RECORD EXTRACTS

▽

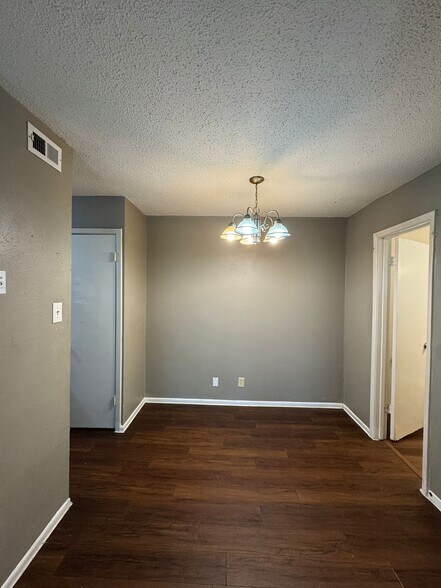 Building Photo - 2501 Mission Hill Dr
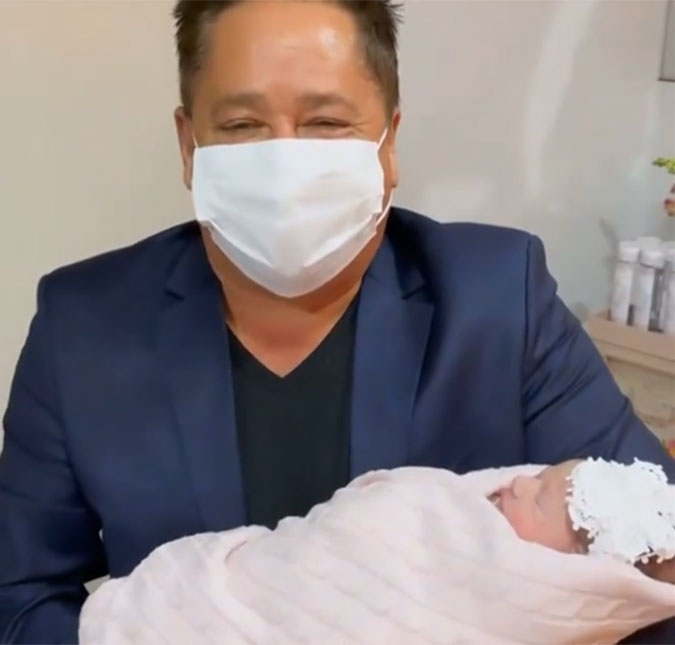 Leonardo dá gargalhada ao segurar a netinha Maria Alice no colo: <I>Linda demais</I>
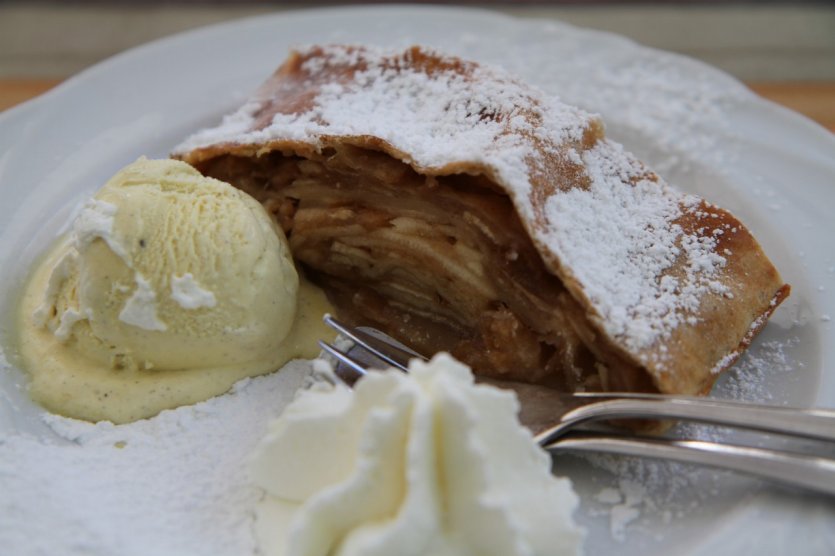 Strudel.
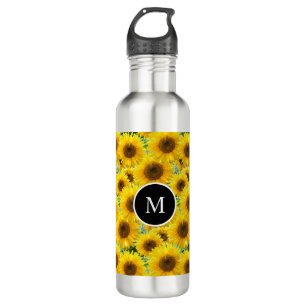 Bloeiende zonnebloemen en monogram waterfles 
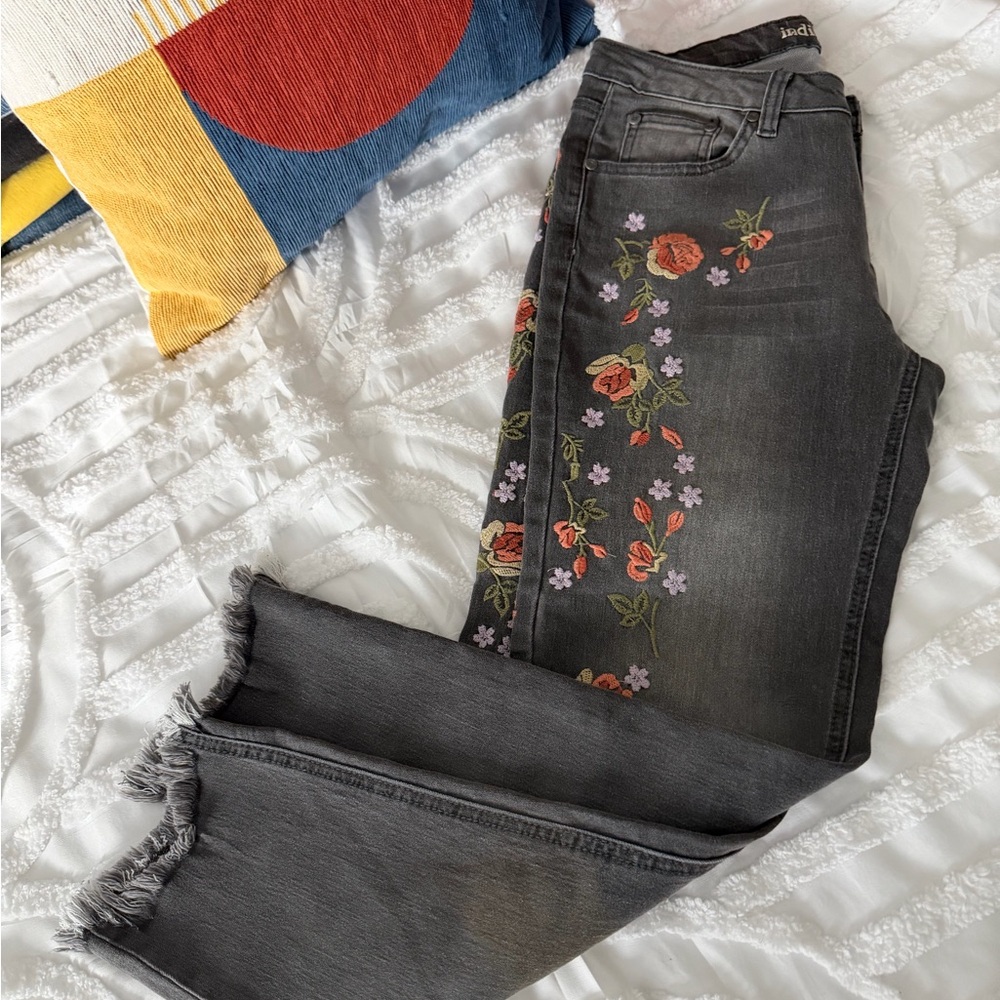 Indigo Thread Co Embroidered Women's Ankle Jeans - Picture 7 of 7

△

TASK DESCRIPTION
The entire listing above, minus its pictures, should be copied out exactly.

SOLUTION TO THIS PROBLEM
 Building Photo - 2501 Mission Hill Dr
 Leonardo dá gargalhada ao segurar a netinha Maria Alice no colo: <I>Linda demais</I>
 Strudel.
 Bloeiende zonnebloemen en monogram waterfles 
 Indigo Thread Co Embroidered Women's Ankle Jeans - Picture 7 of 7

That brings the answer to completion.